- RECORDS SUPPLIED
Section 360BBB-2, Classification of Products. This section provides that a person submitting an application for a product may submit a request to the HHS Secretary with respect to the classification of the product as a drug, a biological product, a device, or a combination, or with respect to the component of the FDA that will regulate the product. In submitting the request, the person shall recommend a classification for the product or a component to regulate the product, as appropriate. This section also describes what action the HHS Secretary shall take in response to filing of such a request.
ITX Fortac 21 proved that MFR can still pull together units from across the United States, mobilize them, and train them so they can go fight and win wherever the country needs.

--

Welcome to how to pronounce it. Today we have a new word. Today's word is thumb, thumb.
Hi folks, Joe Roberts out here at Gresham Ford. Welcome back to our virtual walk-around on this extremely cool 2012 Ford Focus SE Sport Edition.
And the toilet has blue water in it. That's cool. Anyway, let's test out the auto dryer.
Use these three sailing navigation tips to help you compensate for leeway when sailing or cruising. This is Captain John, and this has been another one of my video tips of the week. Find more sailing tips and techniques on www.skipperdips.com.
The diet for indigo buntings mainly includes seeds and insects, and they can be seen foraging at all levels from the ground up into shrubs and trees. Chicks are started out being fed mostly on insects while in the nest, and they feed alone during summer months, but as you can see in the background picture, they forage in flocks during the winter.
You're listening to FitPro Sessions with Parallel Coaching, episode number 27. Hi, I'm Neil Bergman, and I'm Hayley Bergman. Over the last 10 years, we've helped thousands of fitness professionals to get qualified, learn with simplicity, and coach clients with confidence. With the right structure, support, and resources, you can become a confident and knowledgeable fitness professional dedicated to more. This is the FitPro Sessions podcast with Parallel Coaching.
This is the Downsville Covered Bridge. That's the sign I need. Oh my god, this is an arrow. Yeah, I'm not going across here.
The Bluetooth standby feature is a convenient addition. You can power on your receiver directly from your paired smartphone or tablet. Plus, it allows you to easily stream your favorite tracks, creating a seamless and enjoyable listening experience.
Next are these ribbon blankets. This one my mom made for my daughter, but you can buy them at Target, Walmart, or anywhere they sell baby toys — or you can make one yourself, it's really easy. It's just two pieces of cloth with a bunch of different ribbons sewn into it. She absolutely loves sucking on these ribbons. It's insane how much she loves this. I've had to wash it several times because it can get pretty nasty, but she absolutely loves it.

--

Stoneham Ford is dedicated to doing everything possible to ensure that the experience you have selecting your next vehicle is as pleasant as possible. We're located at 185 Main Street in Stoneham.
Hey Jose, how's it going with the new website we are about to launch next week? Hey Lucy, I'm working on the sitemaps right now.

- TASK TO CARRY OUT
Working from the data above, extract solely the lines from the one containing "And the toilet" through the one containing "The Bluetooth standby", exactly as they appear, both included.

- RESPONSE BELOW
And the toilet has blue water in it. That's cool. Anyway, let's test out the auto dryer.
Use these three sailing navigation tips to help you compensate for leeway when sailing or cruising. This is Captain John, and this has been another one of my video tips of the week. Find more sailing tips and techniques on www.skipperdips.com.
The diet for indigo buntings mainly includes seeds and insects, and they can be seen foraging at all levels from the ground up into shrubs and trees. Chicks are started out being fed mostly on insects while in the nest, and they feed alone during summer months, but as you can see in the background picture, they forage in flocks during the winter.
You're listening to FitPro Sessions with Parallel Coaching, episode number 27. Hi, I'm Neil Bergman, and I'm Hayley Bergman. Over the last 10 years, we've helped thousands of fitness professionals to get qualified, learn with simplicity, and coach clients with confidence. With the right structure, support, and resources, you can become a confident and knowledgeable fitness professional dedicated to more. This is the FitPro Sessions podcast with Parallel Coaching.
This is the Downsville Covered Bridge. That's the sign I need. Oh my god, this is an arrow. Yeah, I'm not going across here.
The Bluetooth standby feature is a convenient addition. You can power on your receiver directly from your paired smartphone or tablet. Plus, it allows you to easily stream your favorite tracks, creating a seamless and enjoyable listening experience.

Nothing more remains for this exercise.